Sunday, June 07, 2009

Beyond “Twilight” zone

WHEN I saw Aga again, she told me about a blogosphere war that waged with even more heat but decidedly less sleaze than the stir over the Hayden-Katrina sex videos.

In college, Aga could be counted on to brave even the flesh-eaters of Colon cinema houses to watch every movie showing that week. Her impromptu reviews helped make us decide whether to troop to the theater for a quick fix or hoard our pesos for a good read.

These days Aga has swung heavily to the save-for-a-book side. Remembering our last talk about the graphic novels created and published in the country, I mentioned to her that I had been trying to find for my niece a complete set of the Twilight series.

When I couldn’t find two of the older titles some weeks ago, I assumed it was because I hitched a ride on the bandwagon so late, the stocks had already depleted.
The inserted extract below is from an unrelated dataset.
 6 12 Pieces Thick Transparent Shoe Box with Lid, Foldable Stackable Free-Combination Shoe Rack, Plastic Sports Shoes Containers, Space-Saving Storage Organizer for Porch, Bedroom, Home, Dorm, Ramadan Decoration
Aga corrected my ignorance. I followed her advice and checked the blogosphere.
Manuel L. Quezon III’s May 4 column for The Philippine Daily Inquirer’s “The Long View” exposes the issue and links readers to www.mcsweeneys.net, which posts the dispatch that first exposed the “Great Book Blockade of 2009.”

This was penned by Robin Hemley, director of the Nonfiction Writing Program at the University of Iowa, who’s spending a Guggenheim Fellowship in the country.

A book-industry professional told Hemley that for the past two months no imported books entered the country because the BOC was on a duty-collection frenzy after an importer “made the mistake” of paying taxes for the release of his shipment of Twilight by Stephenie Meyer.

The bestselling record of the series may have attracted Customs, whose officials bent out of shape international and national laws to tax imported books, in the hope perhaps of covering “the 30-billion-peso ($625 million) shortfall in projected customs revenue,” Hemley speculates.

In 1952, the country signed the Florence Agreement, a United Nations treaty that guarantees the free flow of "educational, scientific, and cultural materials" between countries, and declares that imported books should be duty-free. The country also passed Republic Act 8047, which provides for "the tax and duty-free importation of books or raw materials to be used in book publishing."

With President Gloria Macapagal-Arroyo scrapping last May 24 the taxes imposed on imported books and reading material, I partly agree with Aga that I may have better chances now of redeeming my standing with my niece.

However, looking around the café we were in, my thoughts were not on Twilight’s love-crossed vampires.
The Abaseria Deli & Café’s charm as a meeting place is heightened by its collection of heirloom photos, native handicrafts and books about Cebu and the Philippines. I even spotted copies of the recently published Barili, The Town, The People, and The Years: A History, written by Azucena L. Pace.

Last year, when I scouted for local publications to give my balikbayan relatives, I found a yawning gap that the University of San Carlos’ Cebuano Studies Center, Casa Gorordo Museum and a few other establishments try to fill.

While everybody rues the decline of reading today, even worse is the fading of local writing and reading, halves of a tandem. For a culture to flourish, there has to be recollection and preservation, one approach being through writing, which can only be sustained by an audience that will buy, read, criticize and discuss.

While the local publication industry has made milestones and garnered awards through its newspapers and magazines, the publishing of books continues to lag. Some readers will say they cannot find anything that’s local to read. Some writers will say they cannot find publishers, who in turn complain they cannot find readers to patronize local books.

Unlike the “Great Book Blockade of 2009,” we cannot blame anyone for this impasse but ourselves.